§ Task goal
Exact copy, no pictures: return only the lines below from the line with "Essential Oils, Part" up to and including the line with "We'll be fully".

§ Supplied information
☆ ☆ ☆ ☆ ☆ ☆ ☆
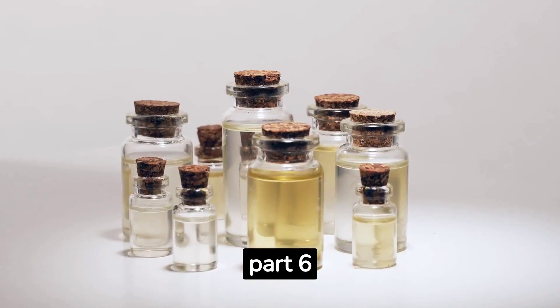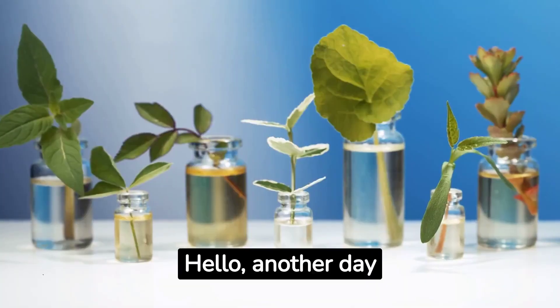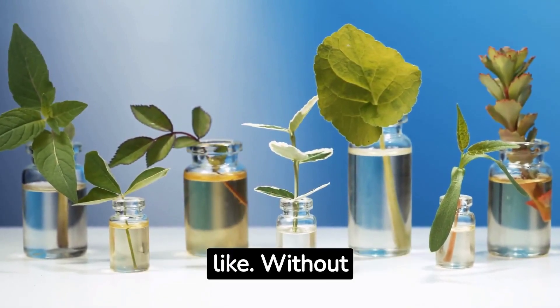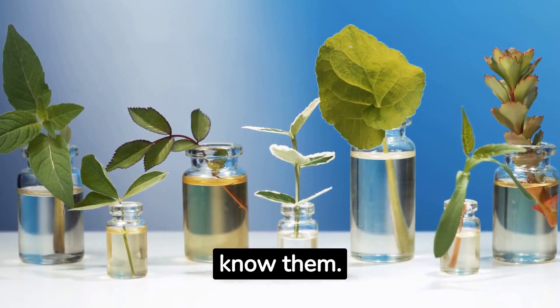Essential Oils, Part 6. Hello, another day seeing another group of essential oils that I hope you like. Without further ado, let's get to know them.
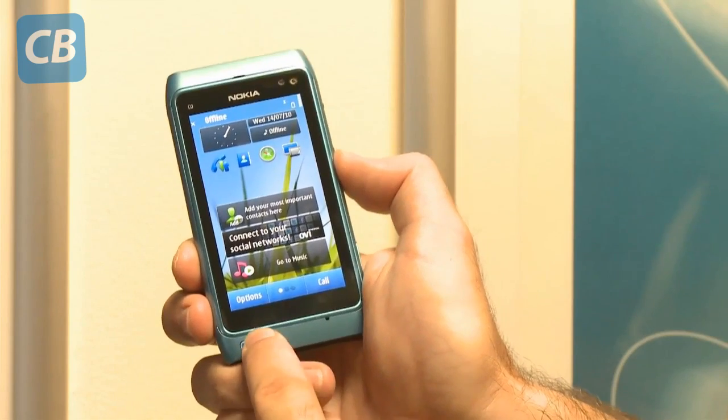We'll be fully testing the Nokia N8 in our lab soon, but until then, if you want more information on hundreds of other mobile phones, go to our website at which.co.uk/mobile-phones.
☆ ☆ ☆ ☆ ☆ ☆ ☆
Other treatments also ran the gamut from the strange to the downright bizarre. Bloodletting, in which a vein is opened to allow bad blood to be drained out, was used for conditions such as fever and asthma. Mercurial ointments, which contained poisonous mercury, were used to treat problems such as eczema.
☆ ☆ ☆ ☆ ☆ ☆ ☆
§ Reply
Essential Oils, Part 6. Hello, another day seeing another group of essential oils that I hope you like. Without further ado, let's get to know them.
We'll be fully testing the Nokia N8 in our lab soon, but until then, if you want more information on hundreds of other mobile phones, go to our website at which.co.uk/mobile-phones.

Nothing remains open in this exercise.